Tuesday, 20 December 2011

Its been quite a while since my last post, and things haven been progressing quite as fast as I had hoped, but I thought I would post an update of where we are at and what we are working on.

We have spent most of the last two weeks moving into the new workshop. As all of the shelving and cupboards I had in my old workshop belonged to my parents, we didn't really have anywhere to put things and everything was on the floor for a while which made it very difficult to find things. ABSOE kindly donated some shelving which was a big help and things are now allot neater, although there is still a way to go before we have a completely functional workshop.

We moved the mill in but there was an incident moving the lathe. I hired a chap to move it and short story, he dropped it. He hadn't moved machinery before, which become evident quickly and he was trying to drag it along my wooden garage floor with his crane and a rope tied to the bed. Any person with half a brain could have seen that if you try to pull something that is top heavy from its top it will fall over! Unfortunately I wasn't paying close enough attention to him to stop him. I should have said something when he tried to sling around the lead screws but he got annoyed when I suggested a better way so I tried to stay out of his way, figuring he probably knew what he was doing. There is a lesson there. the damage isn't too bad, a bent lead screw and few broken hand wheels, which I should be able to get spares for. I am slightly worried that there might be more extensive damage to the bed, like a crack but it seems to slide the same and it is not misaligned. After he dropped it he had the nerve to say that it was my fault because I should have been there supporting it as it fell over.

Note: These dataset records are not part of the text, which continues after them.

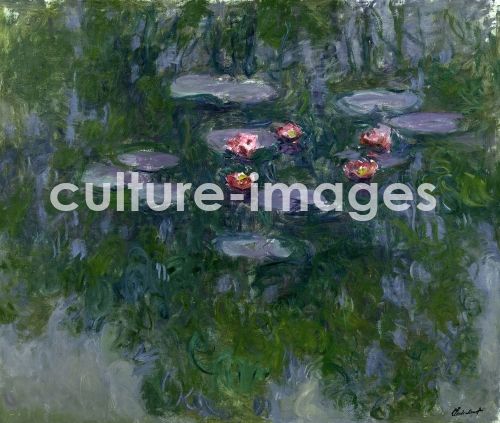 Claude Monet, Nymphéas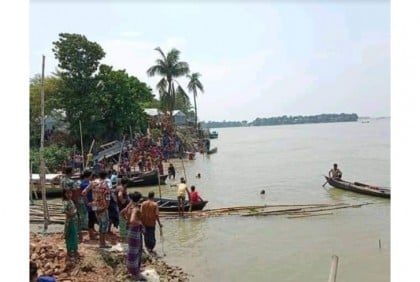 নিকলীতে নদীতে গোসল করতে নেমে শিশু নিখোঁজ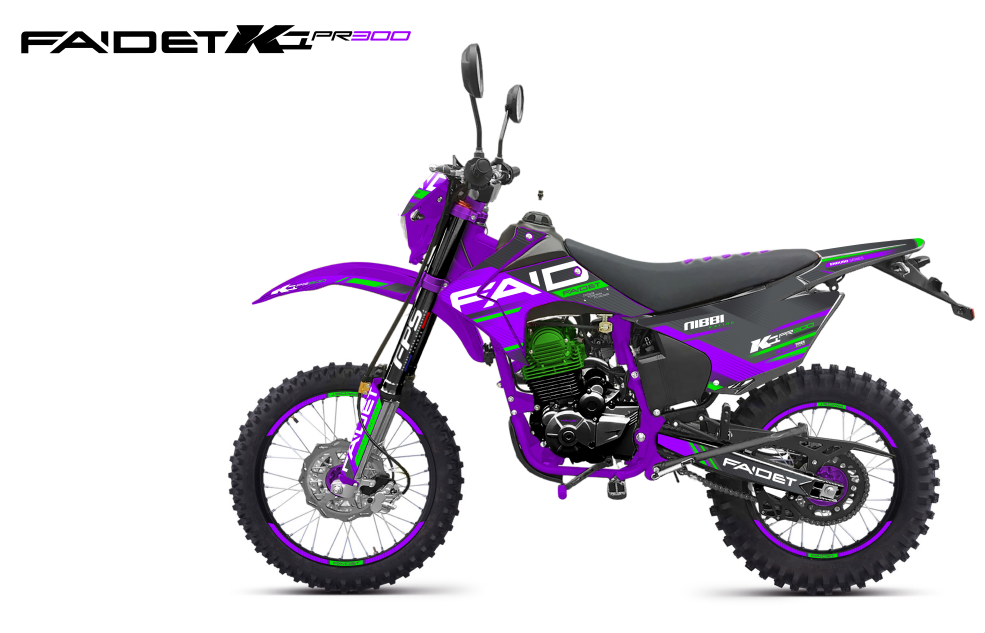 Кроссовый мотоцикл FAIDET K1 PR300 в Шахтах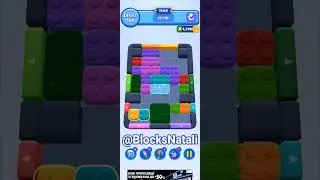 Colour Block Jam Level 159 #colorblockjam #colorblockjamlevel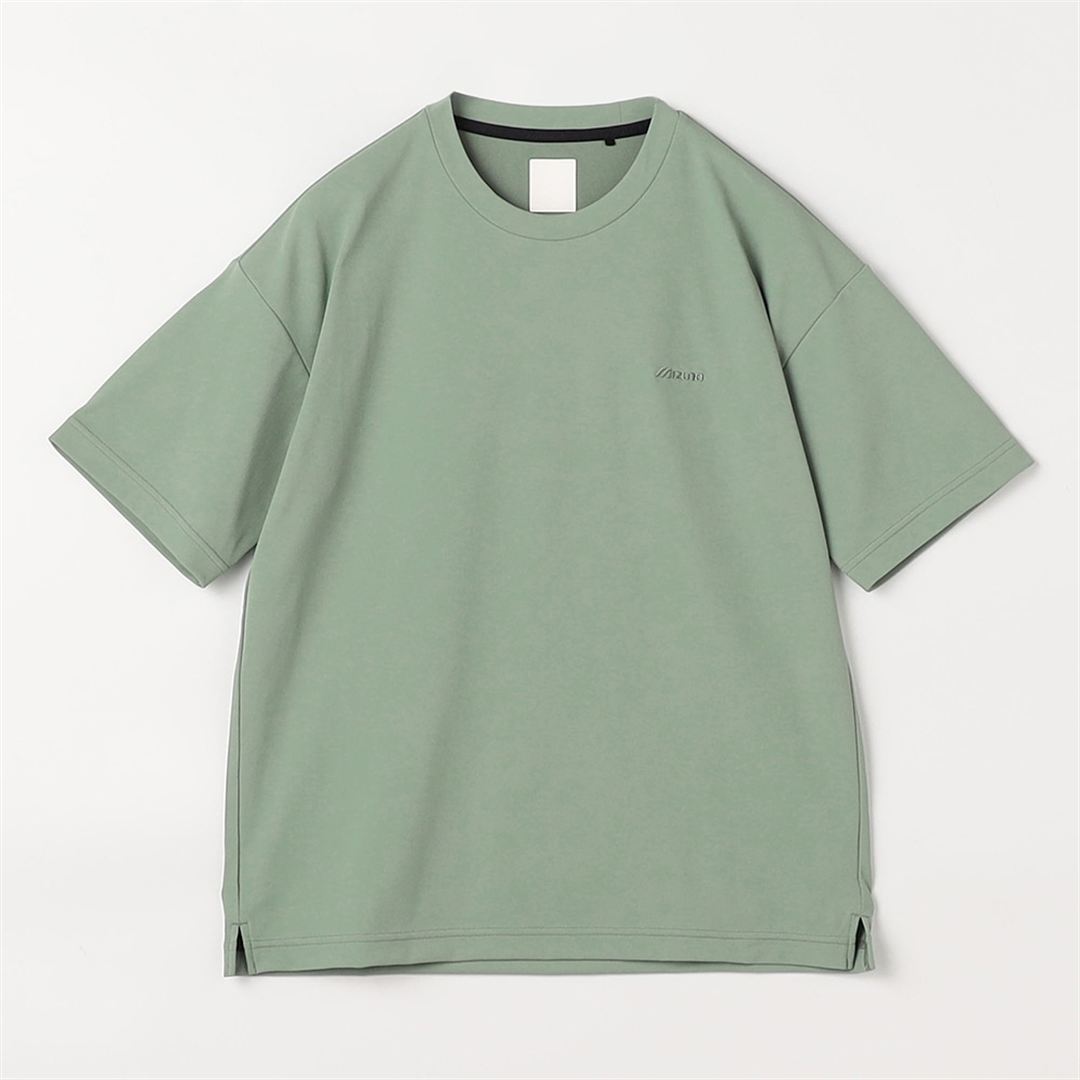 【ミズノ直営限定】アンチスウェット Tシャツ アイスバーググリーン S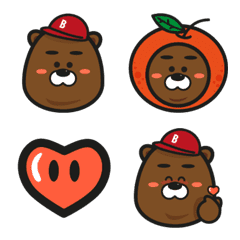 BU BU BEAR EMOJI 001
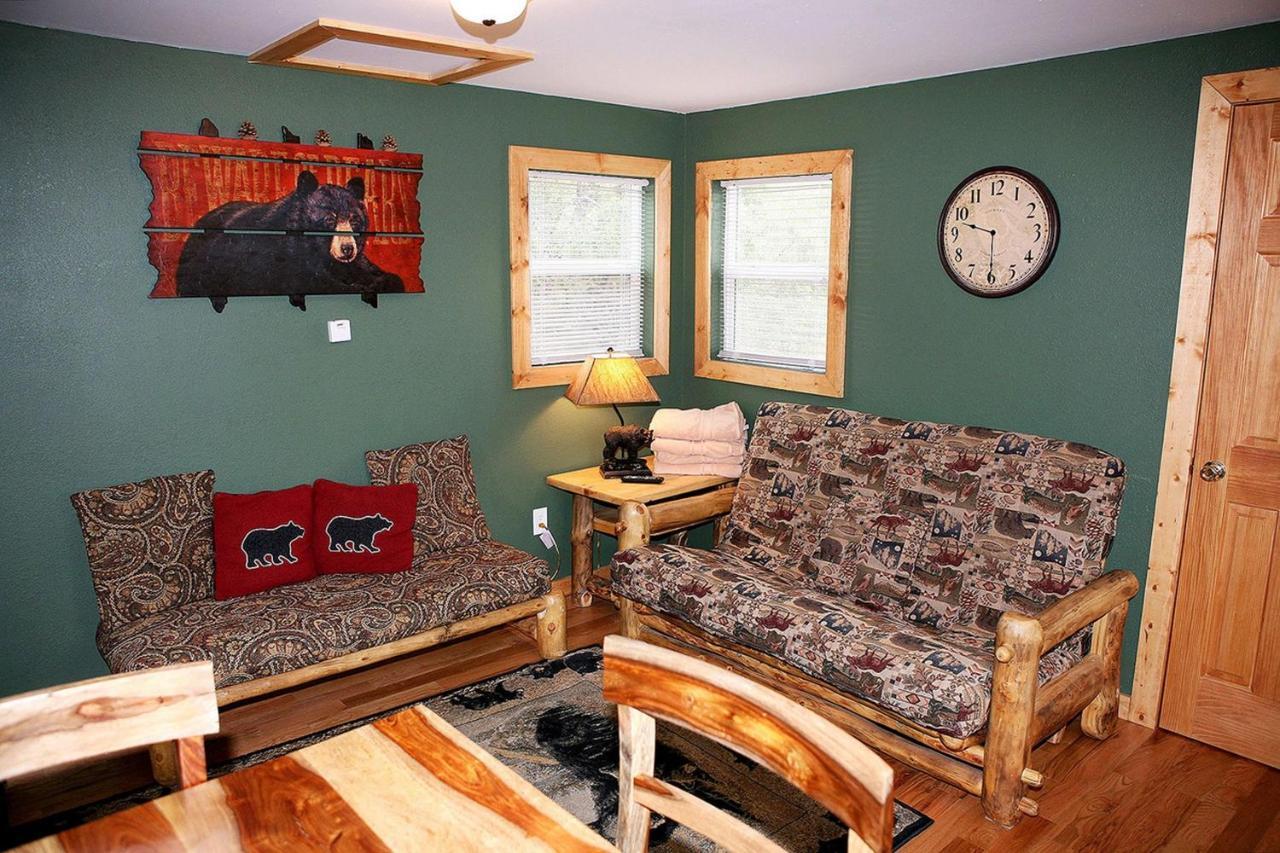 אסטס פארק Lazy R Cottages With Hot Tubs By Rocky Mountain Resorts חדר תמונה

I told him if I had I would be underneath it. He diffident have in insurance and I doubt that even if I took him to the small claims tribunal and won, he would have any money to give me. I have definitely learnt a valuable lesson. The thing that is most annoying is that I will be without  a lathe for months. One of the good thing about being in an industrial area is that everything you need is close by. We borrowed the neighbours forklift to move the mill in.

I am close to getting my peroxide concentrator up and running. I have built and tested a prototype sparging setup and have all the parts for a second version. I decided to peruse two methods for concentrating, sparging, and vacuum evaporation. I haven't started work on the vacuum setup but will start after the sparger is up and running. I decided to try a vacuum method to see if I could avoid some of the losses ascoaited with heating the peroxide for sparging. I have a really nice oil free vacuum pump/compressor which should be good for both setups. because the concentrated peroxide doesn't have a good shelf life I plan on storing it frozen or in a fridge. I have so far only been sparging water as I don't currently have a space clean enough that I would feel comfortably handling peroxide in.

We moved the test stand to the workshop on the weekend, and we are currently getting it ready for another test. All that really needs doing from a mechanical perspective is replacing the actuated valves with solenoids, and calibrating the flow rate with needle valves installed before the valves. The software needs a bit more work. I am a bit torn between getting  the engine I spent a long time working on running and getting peroxide production going. I guess I should probably finish what I start, before moving on to new things.

1 comment:

  1. Basically everyone who has gotten into purifying peroxide in small batches for rockets have eventually blown up their setup, and sometimes themselves. Keep that in mind, and design it for *when* it blows up, not *if* it blows up.